News Briefs

From the Associated Press

WYOMING

Lottery lawsuit

CHEYENNE — A state judge has declined a request from a Cheyenne man to dismiss a defamation lawsuit filed by the Wyoming Lottery Corporation. The corporation claims Edward Atchison has tried to sabotage its relationship with national lottery organizations. The judge says he wants more specifics from the corporation about its claims.

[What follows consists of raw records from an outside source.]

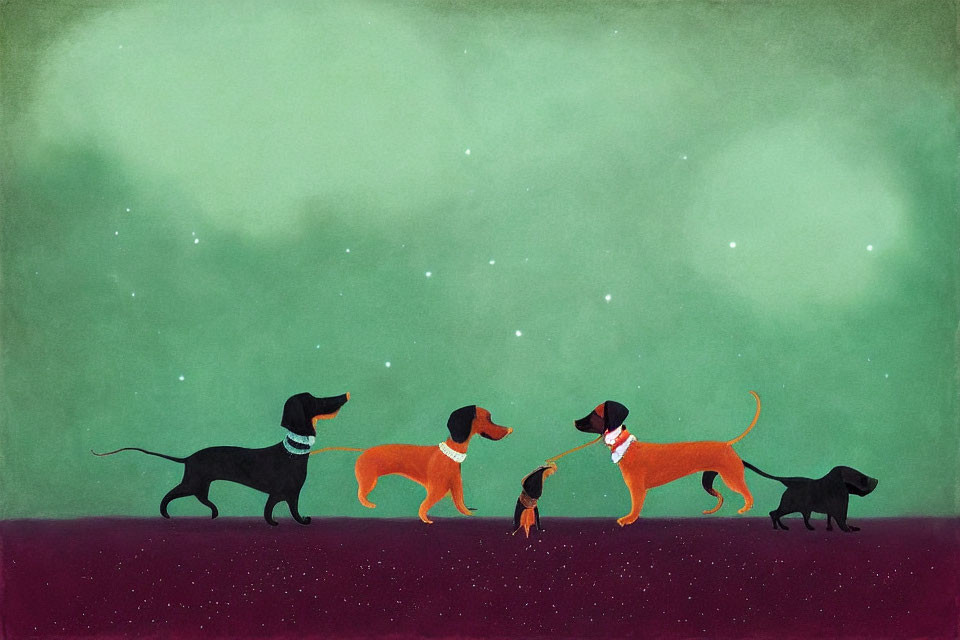 Four dogs of different sizes walking under starry green sky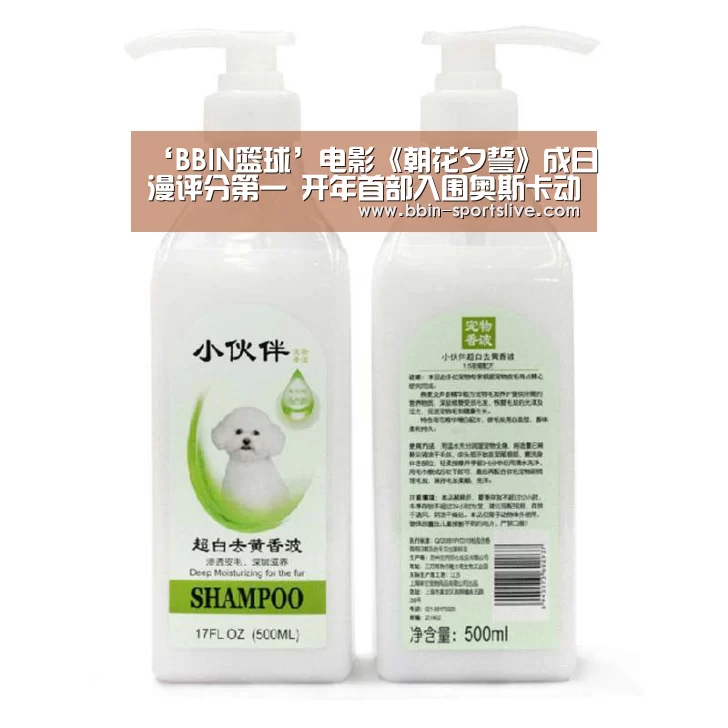 ‘BBIN篮球’电影《朝花夕誓》成日漫评分第一 开年首部入围奥斯卡动画(图2) BBIN篮球
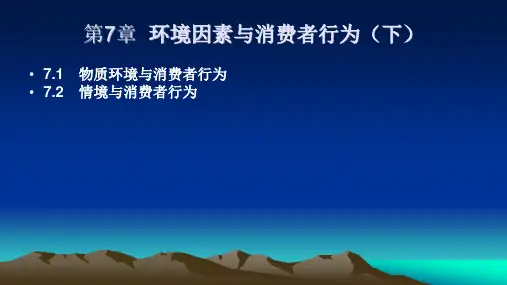 第7章 环境因素与消费者行为(下) 《消费行为学》PPT课件
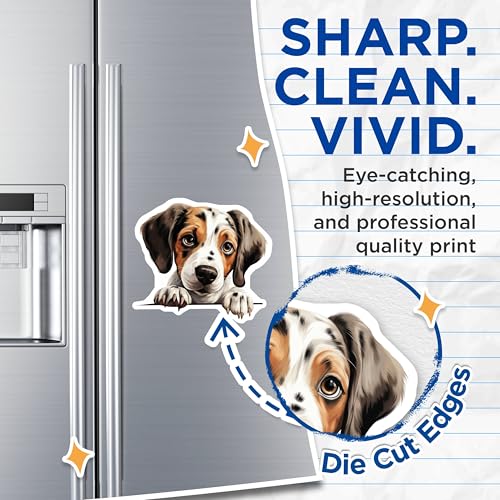(2 Pack) Adorable Animal Fridge Decor Magnet - Pet Lover Kitchen Accessories - 5" On Longest Side - Sticks to Smooth Flat Surfaces - Made in USA - MAG10251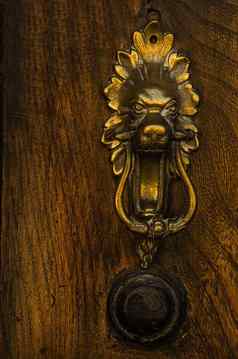通过黄铜吹毛求疵的人形状狮子的头美丽的入口房子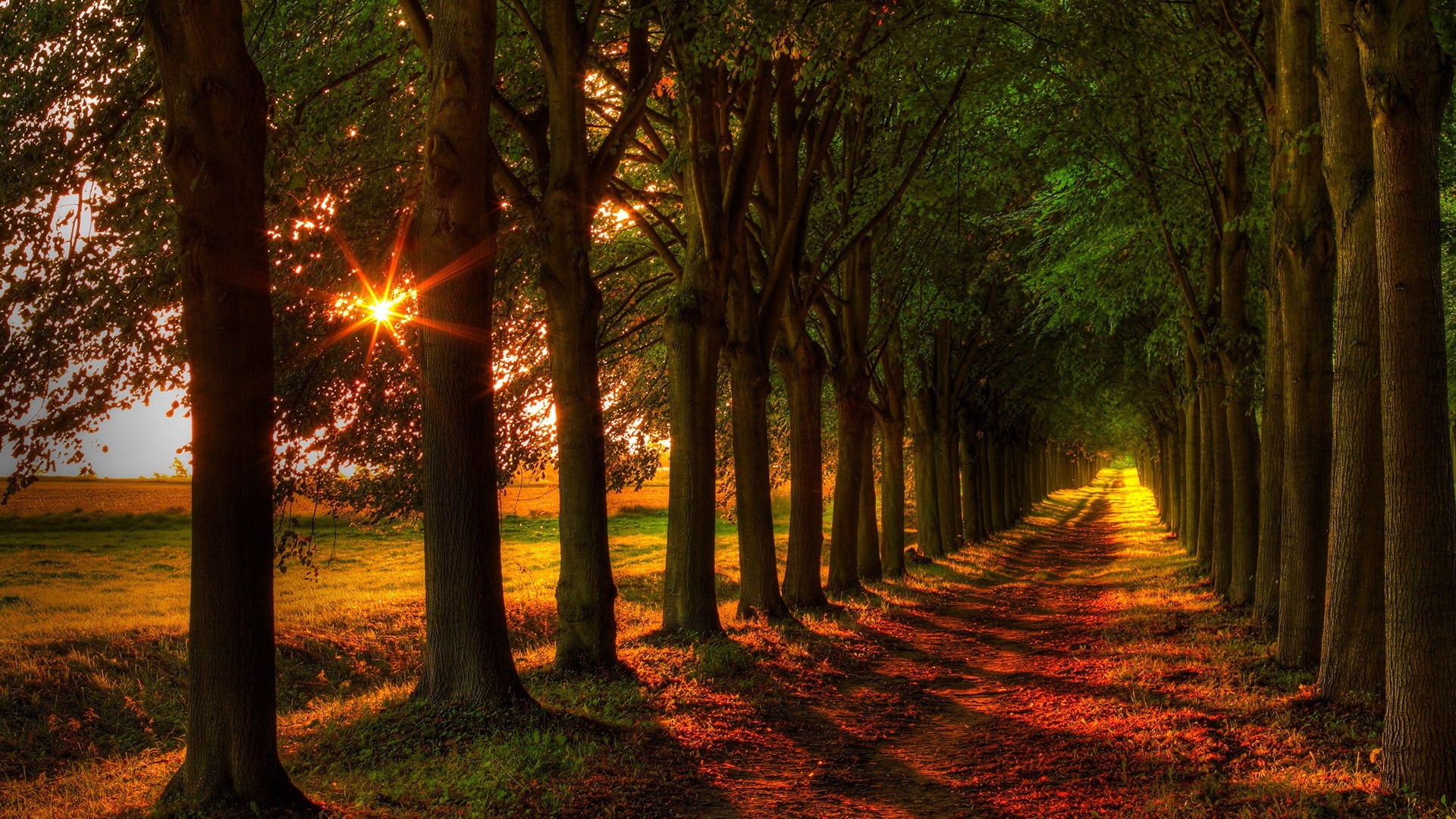 Обои дорога, деревья, природа, осень, тропинка, аллея, солнечные лучи, road, trees, nature, autumn, path, alley, the sun's rays разрешение 1920x1080 Загрузить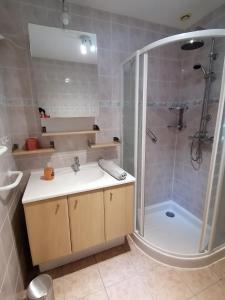 een badkamer met een wastafel en een douche bij AIR PAIX LE MONT in Herpelmont
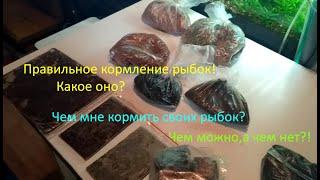 Правильное кормление рыбок!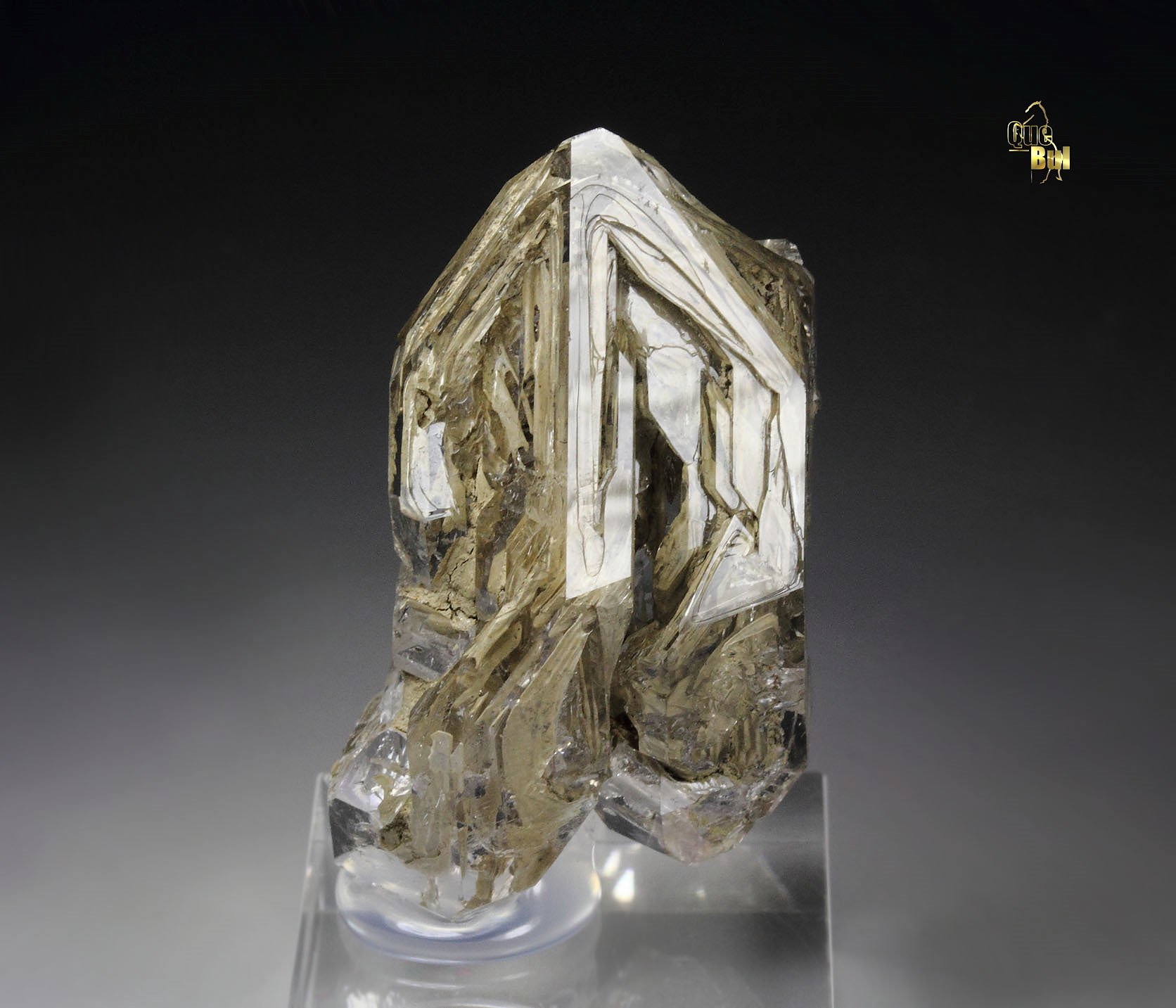 skeletal QUARTZ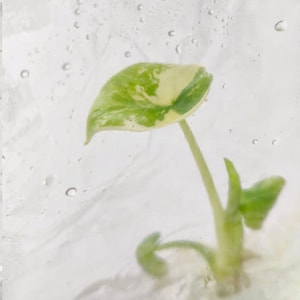 Könnte beinhalten: Nahaufnahme einer kleinen Pflanze mit einem einzelnen, großen, grün-weiß panaschierten Blatt. Die Pflanze hat einen schlanken grünen Stiel und mehrere kleinere Blätter. Der Hintergrund ist eine verschwommene, helle Oberfläche mit Wassertröpfchen.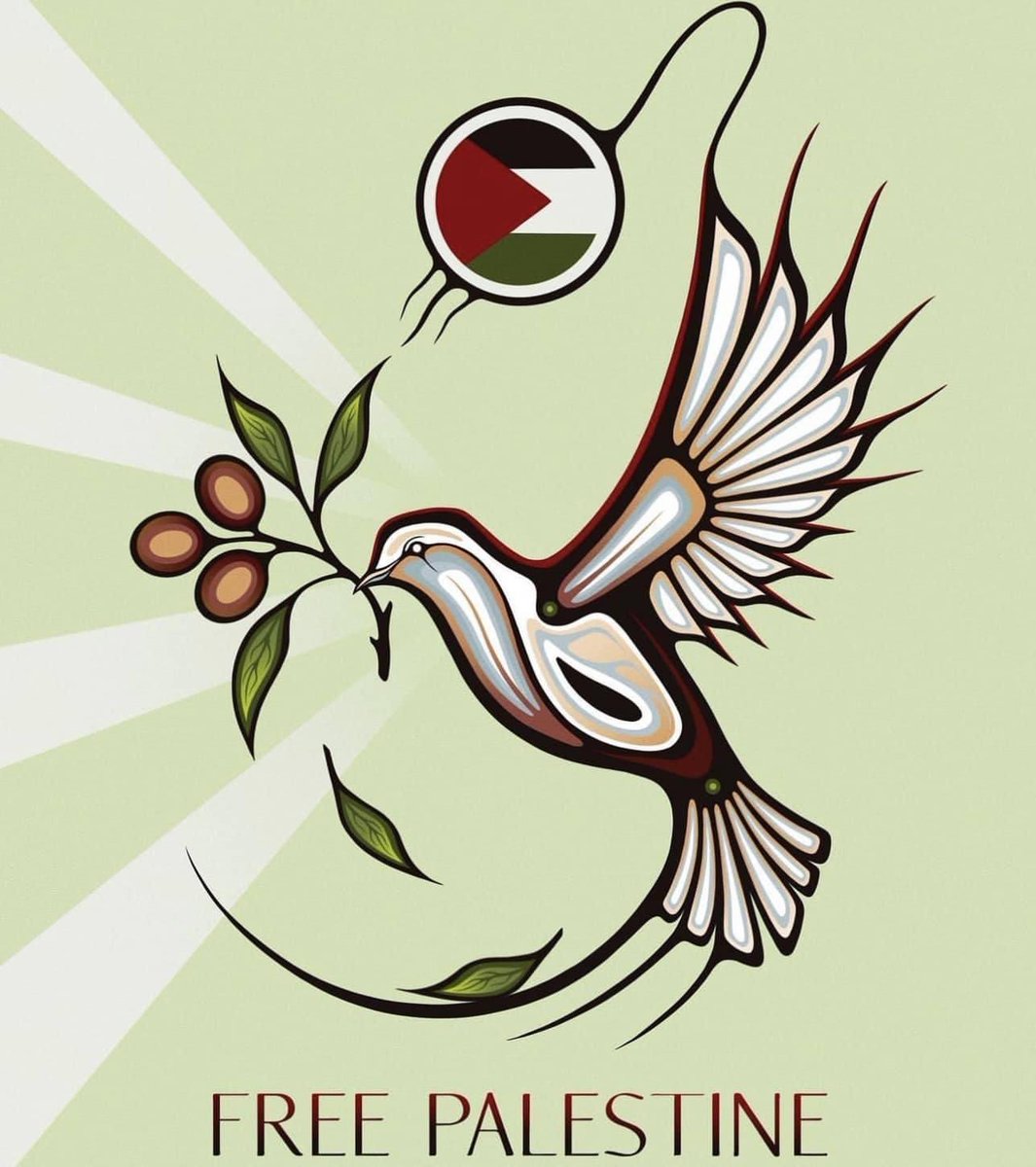 Why are we not sending a UN peacekeeping force into Gaza to save the starving Palestinians #FreePalestine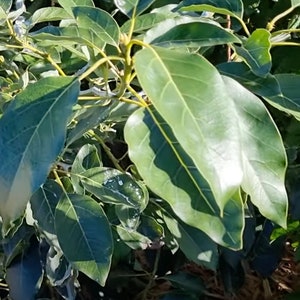7 oz Fresh Organic Avocado Leaves Hojas de Aguacate (FREE SHIPPING)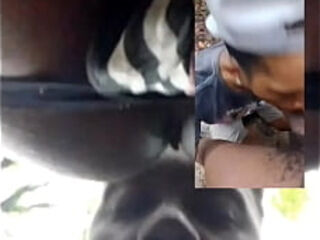 Negros no parque curtindo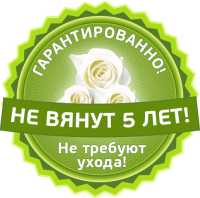 Магазин цветов в вакууме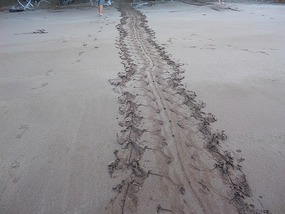Departing turtle tracks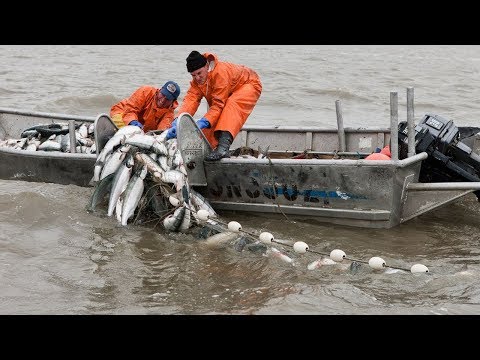 Everyone should watch this Fishermen's video - Most Satisfying Big Catch Fishing With Net long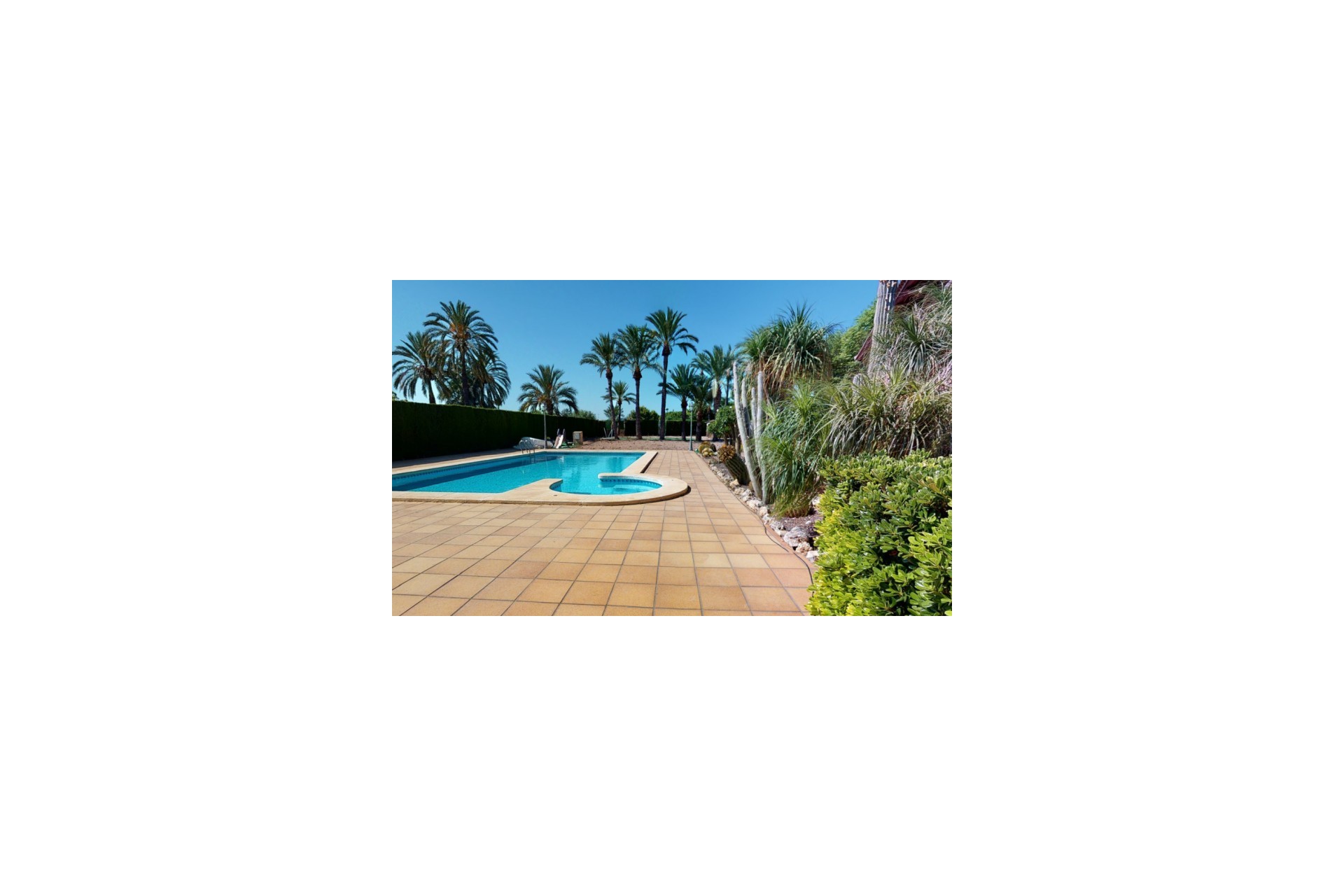 Resale - Villa -
Elche - Costa Blanca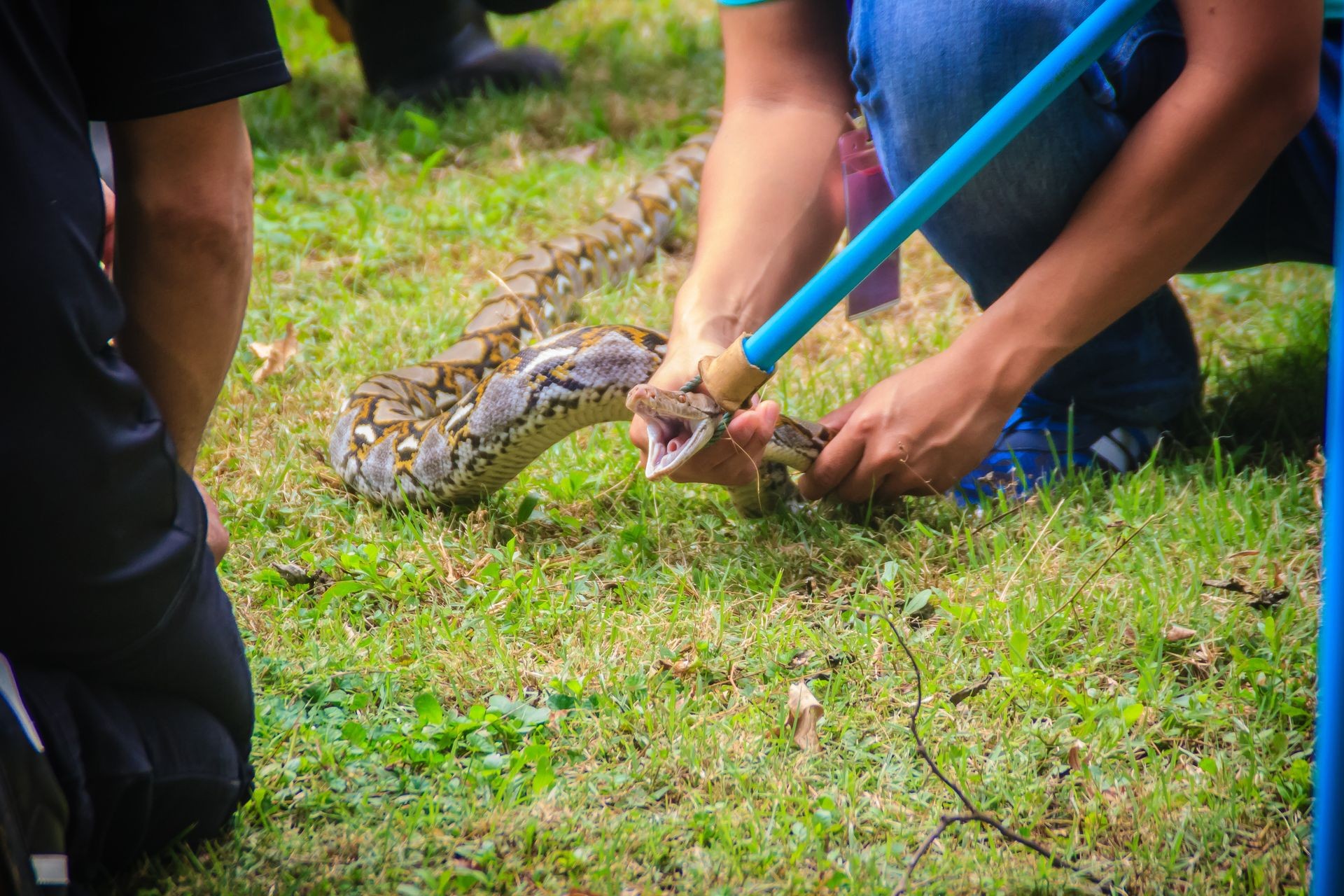 Snake Removal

Wyoming lawmakers consider increasing cigarette tax

CASPER, Wyo. (AP) — A Wyoming legislative panel has recommended increasing a tobacco tax to bring down the state’s smoking rate, but shied away from naming a particular amount.
The Casper Star-Tribune reports that Wyoming current taxes cigarettes at 60 cents a pack, well below the national average of $1.58. The state’s smoking rate, meanwhile, is 20.6 percent while the national average is 17.8 percent.
The recommendation now makes its way to the Joint Revenue Committee, which meets next month in Cheyenne. Those lawmakers will decide whether to draft legislation on the issue.

Alpha natural Wyoming

CHEYENNE — The Wyoming Department of Environmental Quality is refusing to reconsider permit renewal for a coal mine owned by bankrupt Alpha Natural Resources. Department officials say not renewing would violate a bankruptcy judge’s order. The Powder River Basin Resource Council says the state by law can’t renew the permit because Alpha doesn’t meet Wyoming’s bonding requirements.

Wind Park Battle

CASPER, Wyo. (AP) — A proposal to create a wind farm in eastern Wyoming could be stalled by further court battles from a group of landowners that has been fighting the project since 2011.
The Casper Star-Tribune reports that the Wyoming Industrial Siting Council approved the 46-turbine project last week, ruling that the park’s new developer, sPower, has demonstrated that it has the financial capacity to build it.
The Northern Laramie Range Alliance disagrees and says it will likely appeal the ruling in court.

NATIONAL

FBI opens hate crime probe in Indiana attack on Muslim woman

BLOOMINGTON, Ind. (AP) — The FBI has opened a hate crime investigation into an attack on a Muslim woman in which police say an Indiana University college student shouted racial slurs and tried to remove her headscarf. The federal statute sets a maximum 10-year prison sentence for a hate crime in most cases.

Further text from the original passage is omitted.